1. The data preprocessing method for accelerating the training of the large language model is characterized by comprising the following steps of:

Setting related parameters in the data preprocessing process;

acquiring a DATA set DATA1 for training a large language model;

Randomly scattering the DATA set DATA1 to form a DATA set DATA2;

2. The method for preprocessing data for accelerating training of a large language model according to claim 1, wherein the relevant parameters specifically include the following:

The number a of the large language model training devices; the number of data set sub-blocks b; the number c of the text data input when a single device inputs each time; training a coefficient d; the total number n of text data is input by all training devices once; the number q of text data bars in a single data set sub-block; total number of text data pieces K in the dataset.

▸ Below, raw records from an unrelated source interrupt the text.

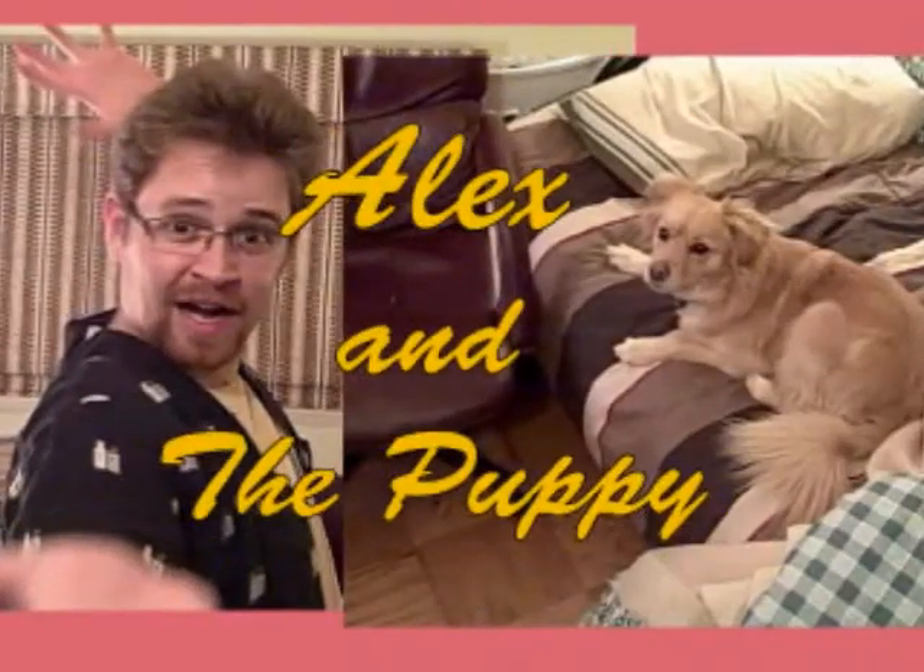Hello YouTube. Today I'm going to turn Brian into a zombie. It's Alex and the puppy.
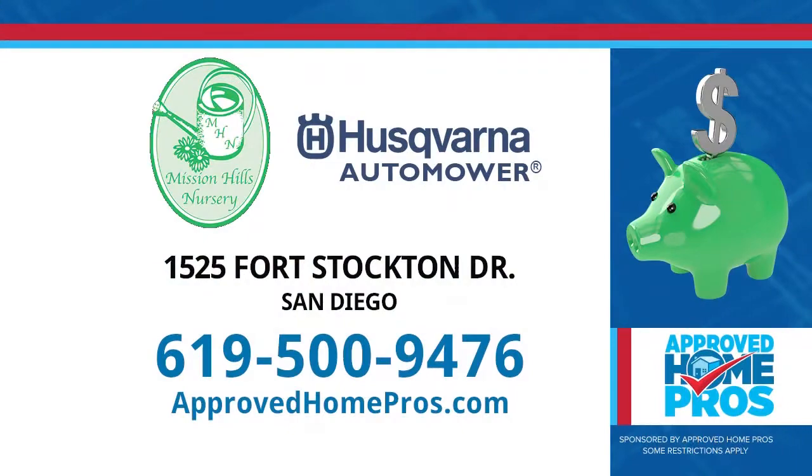You can learn more about the Husqvarna Auto Mower at Mission Hills Nursery. Call 619-500-9474. You can find Mission Hills Nursery and the Auto Mower along with other top pros at ApprovedHomePros.com.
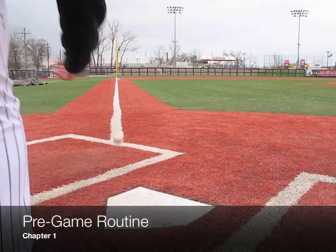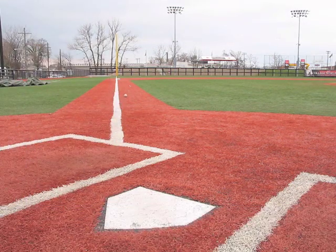Before each game, our catchers have a pre-game routine where we will roll balls down the foul line to determine if the field has any tendencies to keep balls fair or push balls foul.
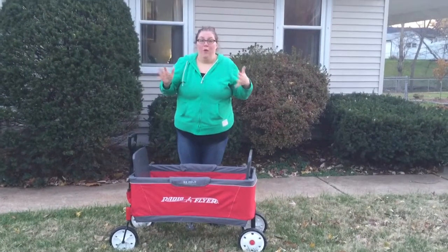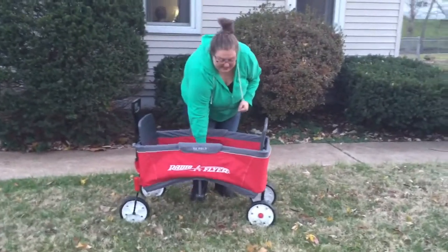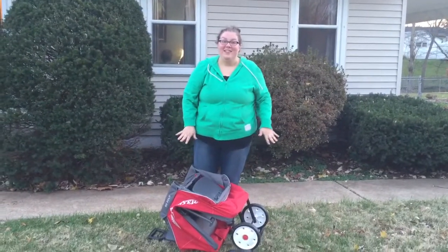But if you want a full-size wagon but you don't have the room, it folds up with one hand. And look at that — it'll easily fit into your car.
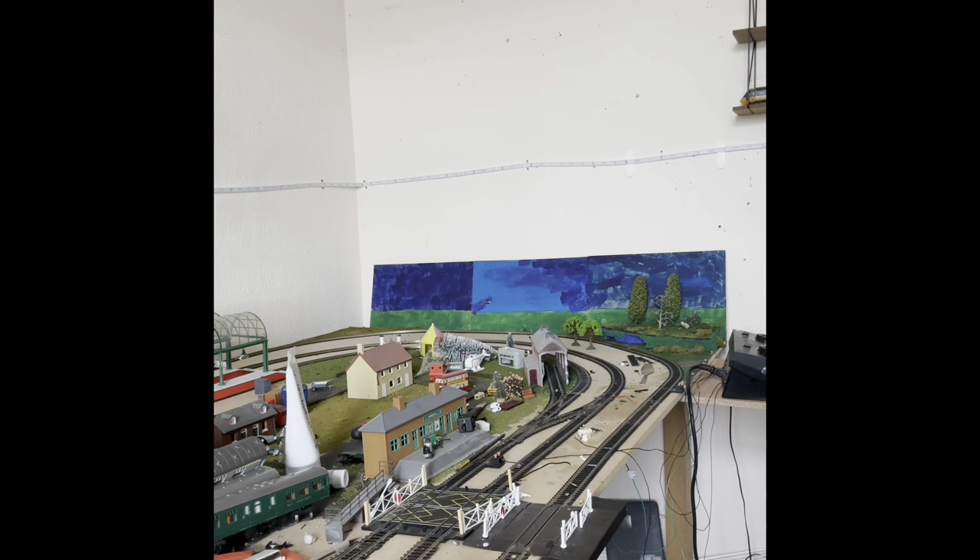Now we're going to take you up onto the detail table and I'm going to show you some of the details. After that we're going to have a running session, so that's what we're going to be doing today.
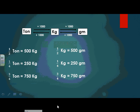Here are the conversions. We have to know something very important: if I'm going to change from a big unit to a small unit, I'm going to multiply. And if I'm going to change from a small unit to a big unit, I'm going to divide. The biggest unit is the ton, then the kilogram, and the smallest unit is the gram.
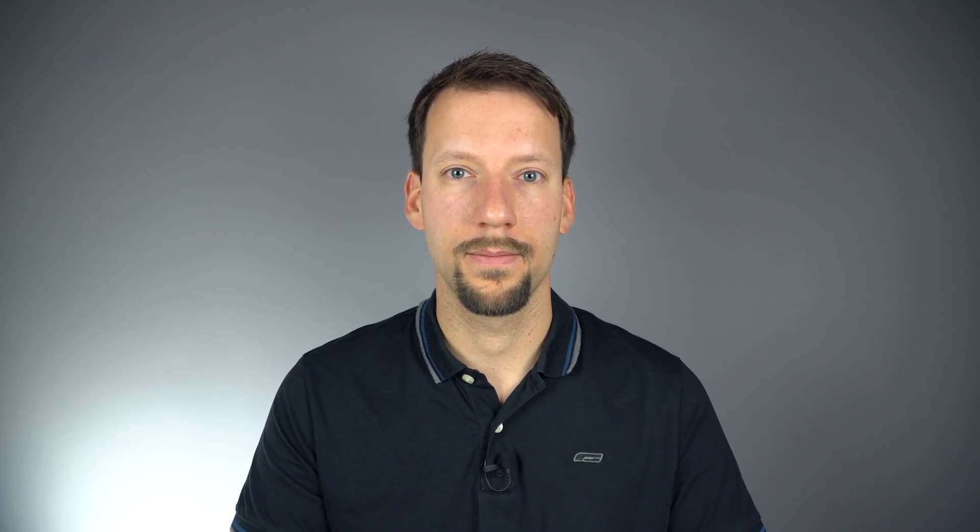Let's jump into the steps for each of those two ways. After, we'll cover the most important thing — what to do after the firmware update. First up, using the DJI Go app on your smartphone. Go ahead and hook up your smartphone to the remote, power on the remote, and power on the drone. Fire up the DJI Go 4 app.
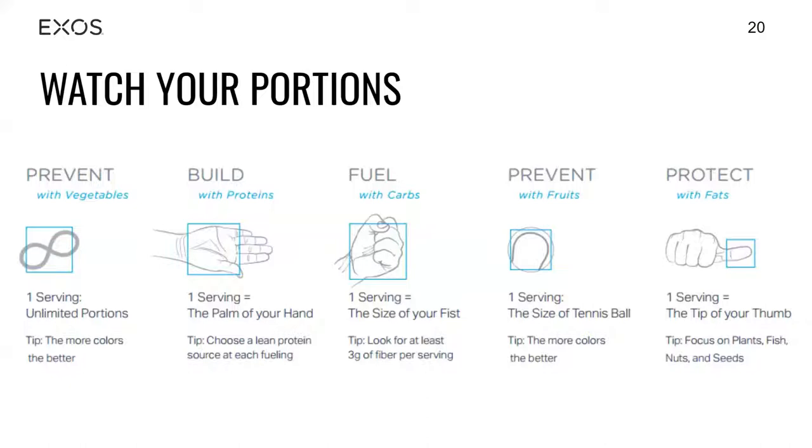For the prevention piece — the veggies — this is very unlimited. You can eat as many veggies as you want, as long as they are brightly colored. How you cook them will determine how many nutrients you get. Fresh is better than canned, but frozen vegetables are just as good as fresh. You just want to make sure you season them — whether it's salt and pepper or finding other ways to bring flavor.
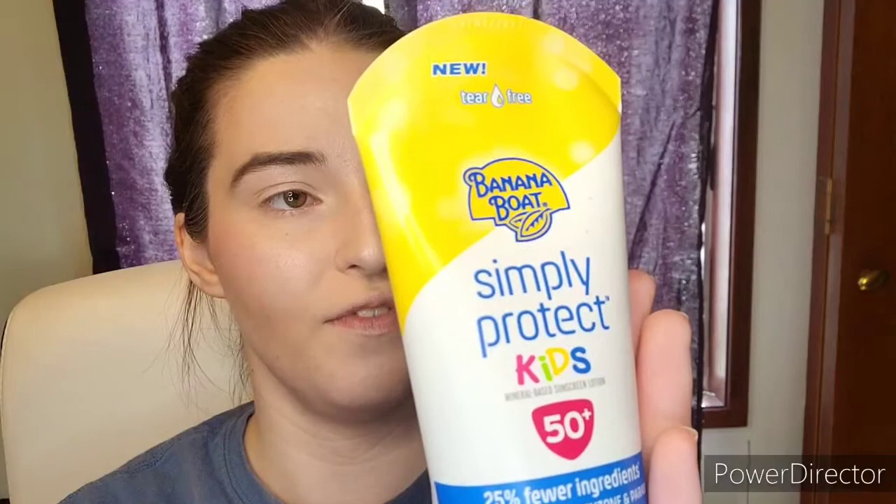First up I have the Banana Boat Simply Protect Kids — SPF 50, mineral sunscreen with 4.5% titanium dioxide and 6.5% zinc, and it's water resistant. Next I have a chemical sunscreen I use almost every day: the Skin Aqua, SPF 50 with a PA rating of 4. Those PA ratings aren't really on a measurable scale — it's something brands just put on packaging — but this does have an SPF of 50.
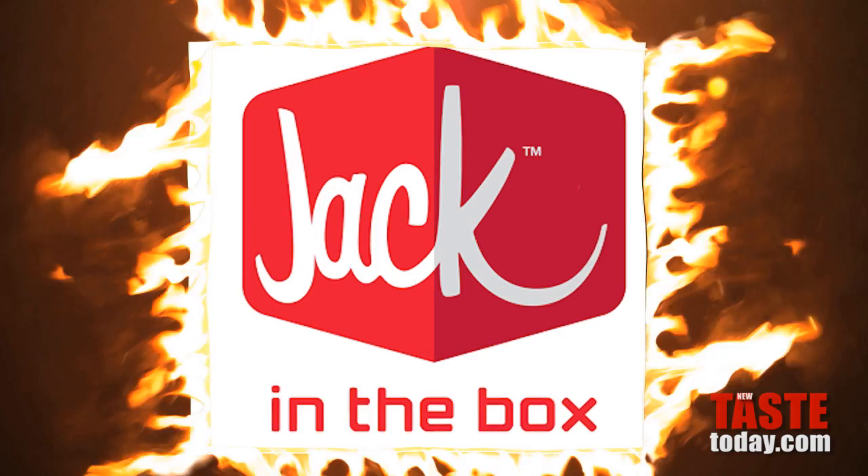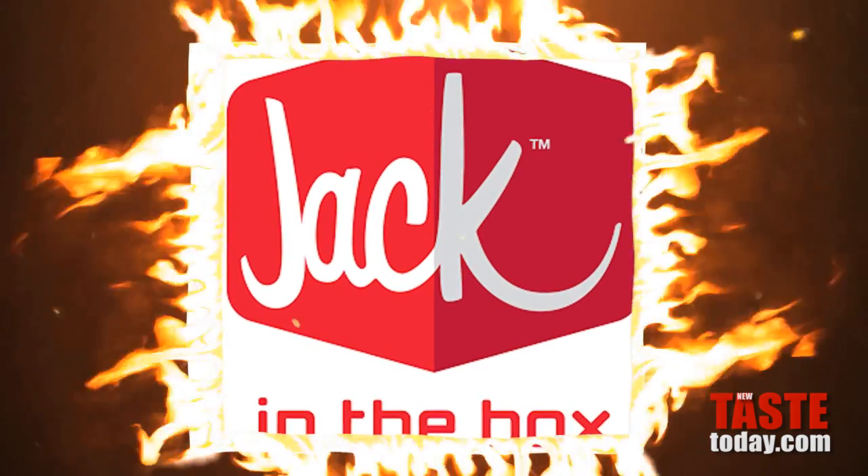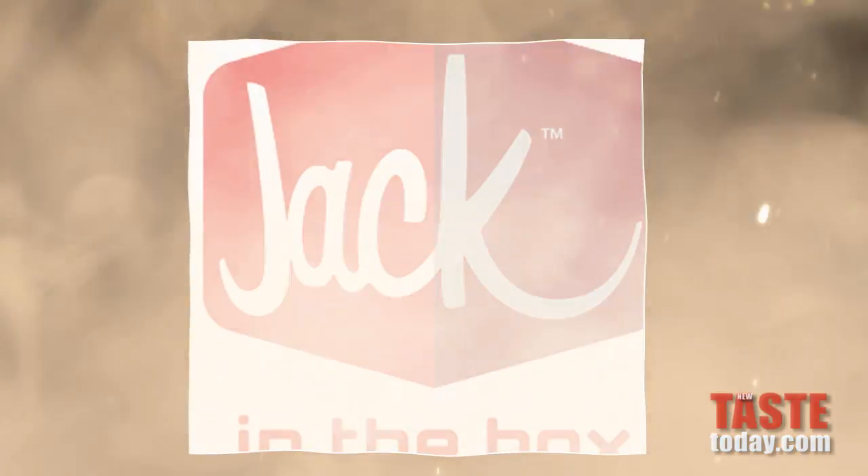The Jack in the Box bacon milkshake is actually a secret milkshake that's not on the menu. You have to ask about it to get it. I wonder if you need like a special bacon handshake with fingers that look like sausage to actually get it.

3. The data preprocessing method for accelerating training of a large language model according to claim 2, wherein the parameters a, b, c, d, n, q, K are positive integers, when the training coefficient d is smaller, the number q of text data in a data set sub-block is smaller, the randomness degree of the whole data is higher, the training effect of the large language model is better, but the training time of the large language model is longer; when the training coefficient d is larger, the number q of text data in the data set sub-block is larger, the randomness degree of the whole data is lower, the training time of the large language model is shorter, and the training effect of the large language model is poorer.

4. A method of data preprocessing for accelerating training of large language models as recited in claim 3, wherein said training factor de [500,2000].

5. The data preprocessing method for accelerating training of large language models according to claim 2, wherein each of the large language model training devices is provided with a positive integer number between 1 and a, and the numbers are not repeated; the large language model training device orderly reads the DATA set DATA3, specifically: and c text DATA are sequentially read from the DATA3 according to the number of the large language model training equipment for training, and the reading of the large language model training DATA is completed by analogy.

6. The data preprocessing method for accelerating training of a large language model according to claim 1, wherein the b data set sub-blocks specifically are:

Each data set sub-block in the b data set sub-blocks is provided with a positive integer number between 1 and b, and the numbers are not repeated.

7. The data preprocessing method for accelerating training of a large language model according to claim 1, wherein the splicing is performed according to the sequence, specifically, the end-to-end splicing is performed according to the sequence of the numbers of the sub-blocks of each data set.

8. The data preprocessing system for accelerating training of the large language model is characterized by comprising the following modules:

the splicing module is connected with the sorting module and used for splicing the sorted DATA set sub-blocks according to the sequence to form a DATA set DATA3;

9. A computer readable storage medium, characterized in that the computer readable storage medium has a computer program which, when executed by a processor, implements a data preprocessing method of accelerating training of a large language model according to any one of claims 1 to 7.

10. An apparatus comprising a memory, a processor, and a computer program stored in the memory and executable on the processor, the processor implementing a data preprocessing method for accelerating training of a large language model according to any one of claims 1 to 7 when executing the computer program.